Task description ▸ Look through the data below. Pick out the lines holding the string "Chicken".
── Data for the task
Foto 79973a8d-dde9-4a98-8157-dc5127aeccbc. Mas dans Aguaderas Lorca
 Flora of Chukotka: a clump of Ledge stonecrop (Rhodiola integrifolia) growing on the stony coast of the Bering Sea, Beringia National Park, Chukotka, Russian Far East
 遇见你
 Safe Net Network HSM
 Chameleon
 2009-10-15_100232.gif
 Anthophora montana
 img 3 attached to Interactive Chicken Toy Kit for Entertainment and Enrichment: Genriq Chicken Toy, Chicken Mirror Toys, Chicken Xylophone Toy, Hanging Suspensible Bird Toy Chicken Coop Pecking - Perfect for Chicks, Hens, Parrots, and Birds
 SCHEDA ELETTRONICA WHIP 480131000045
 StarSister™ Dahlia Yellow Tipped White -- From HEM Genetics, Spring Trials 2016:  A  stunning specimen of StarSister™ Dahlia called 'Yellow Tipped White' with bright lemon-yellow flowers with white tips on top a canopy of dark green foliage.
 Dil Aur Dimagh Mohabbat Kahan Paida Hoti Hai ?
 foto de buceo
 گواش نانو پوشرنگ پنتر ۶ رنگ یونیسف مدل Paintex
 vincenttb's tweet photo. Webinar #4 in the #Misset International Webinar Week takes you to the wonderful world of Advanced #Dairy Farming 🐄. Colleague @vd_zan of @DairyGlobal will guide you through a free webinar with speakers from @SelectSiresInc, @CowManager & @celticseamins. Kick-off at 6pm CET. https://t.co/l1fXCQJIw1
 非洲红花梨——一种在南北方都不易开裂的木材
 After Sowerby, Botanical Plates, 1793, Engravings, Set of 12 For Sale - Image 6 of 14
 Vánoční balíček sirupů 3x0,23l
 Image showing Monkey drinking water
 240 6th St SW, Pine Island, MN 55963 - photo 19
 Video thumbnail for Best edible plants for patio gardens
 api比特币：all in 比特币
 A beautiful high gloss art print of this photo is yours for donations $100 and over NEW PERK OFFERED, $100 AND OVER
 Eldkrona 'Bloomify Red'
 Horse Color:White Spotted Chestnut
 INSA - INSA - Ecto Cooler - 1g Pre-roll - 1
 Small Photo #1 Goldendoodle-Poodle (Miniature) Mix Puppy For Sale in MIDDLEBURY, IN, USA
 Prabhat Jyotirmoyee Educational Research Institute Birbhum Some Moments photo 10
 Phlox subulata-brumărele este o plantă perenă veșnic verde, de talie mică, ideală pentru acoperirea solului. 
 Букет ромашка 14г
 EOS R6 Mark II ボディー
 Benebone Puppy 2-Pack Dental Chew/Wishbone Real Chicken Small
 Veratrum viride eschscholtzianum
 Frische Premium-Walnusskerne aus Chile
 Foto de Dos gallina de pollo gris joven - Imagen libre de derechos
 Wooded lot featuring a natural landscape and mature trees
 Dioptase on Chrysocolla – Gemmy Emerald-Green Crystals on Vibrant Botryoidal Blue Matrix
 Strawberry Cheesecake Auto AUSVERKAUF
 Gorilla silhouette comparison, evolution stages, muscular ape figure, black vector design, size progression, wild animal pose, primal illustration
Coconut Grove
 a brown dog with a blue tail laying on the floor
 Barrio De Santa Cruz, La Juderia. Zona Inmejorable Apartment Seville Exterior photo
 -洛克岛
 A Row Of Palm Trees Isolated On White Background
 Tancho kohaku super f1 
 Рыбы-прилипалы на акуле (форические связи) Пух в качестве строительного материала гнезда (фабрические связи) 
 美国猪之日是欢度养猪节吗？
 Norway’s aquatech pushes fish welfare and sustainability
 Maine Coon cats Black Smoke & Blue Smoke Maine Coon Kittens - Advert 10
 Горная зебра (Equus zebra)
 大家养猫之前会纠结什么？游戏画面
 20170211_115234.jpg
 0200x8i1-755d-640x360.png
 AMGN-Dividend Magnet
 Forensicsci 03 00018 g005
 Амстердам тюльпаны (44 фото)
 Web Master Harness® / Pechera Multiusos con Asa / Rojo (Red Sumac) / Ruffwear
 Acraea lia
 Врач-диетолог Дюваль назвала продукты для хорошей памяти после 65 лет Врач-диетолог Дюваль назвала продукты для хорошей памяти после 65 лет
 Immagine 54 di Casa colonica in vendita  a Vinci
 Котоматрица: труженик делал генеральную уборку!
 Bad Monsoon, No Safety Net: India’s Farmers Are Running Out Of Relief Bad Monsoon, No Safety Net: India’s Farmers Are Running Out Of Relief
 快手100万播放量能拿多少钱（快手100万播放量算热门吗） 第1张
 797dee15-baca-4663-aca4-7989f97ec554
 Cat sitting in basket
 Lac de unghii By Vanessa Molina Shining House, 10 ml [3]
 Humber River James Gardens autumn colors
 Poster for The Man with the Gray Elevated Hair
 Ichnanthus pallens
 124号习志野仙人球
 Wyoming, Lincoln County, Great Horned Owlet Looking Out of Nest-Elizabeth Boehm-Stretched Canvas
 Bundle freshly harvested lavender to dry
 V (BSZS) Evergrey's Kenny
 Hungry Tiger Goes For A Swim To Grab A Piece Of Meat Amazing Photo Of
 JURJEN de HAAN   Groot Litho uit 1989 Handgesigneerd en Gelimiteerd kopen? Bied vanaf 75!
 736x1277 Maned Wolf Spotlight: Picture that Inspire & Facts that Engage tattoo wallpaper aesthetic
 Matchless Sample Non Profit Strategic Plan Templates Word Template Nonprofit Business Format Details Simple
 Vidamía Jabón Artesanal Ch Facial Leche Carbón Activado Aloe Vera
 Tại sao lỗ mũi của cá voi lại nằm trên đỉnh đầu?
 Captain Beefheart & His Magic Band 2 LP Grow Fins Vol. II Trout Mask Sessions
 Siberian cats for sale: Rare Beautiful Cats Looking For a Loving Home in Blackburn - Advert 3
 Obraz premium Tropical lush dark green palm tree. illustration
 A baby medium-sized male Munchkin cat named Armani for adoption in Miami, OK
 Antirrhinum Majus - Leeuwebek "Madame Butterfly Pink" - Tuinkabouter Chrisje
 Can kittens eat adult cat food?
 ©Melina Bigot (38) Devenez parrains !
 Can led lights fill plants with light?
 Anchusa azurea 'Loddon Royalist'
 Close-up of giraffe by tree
────
Reply to the task ▸
 img 3 attached to Interactive Chicken Toy Kit for Entertainment and Enrichment: Genriq Chicken Toy, Chicken Mirror Toys, Chicken Xylophone Toy, Hanging Suspensible Bird Toy Chicken Coop Pecking - Perfect for Chicks, Hens, Parrots, and Birds
 Benebone Puppy 2-Pack Dental Chew/Wishbone Real Chicken Small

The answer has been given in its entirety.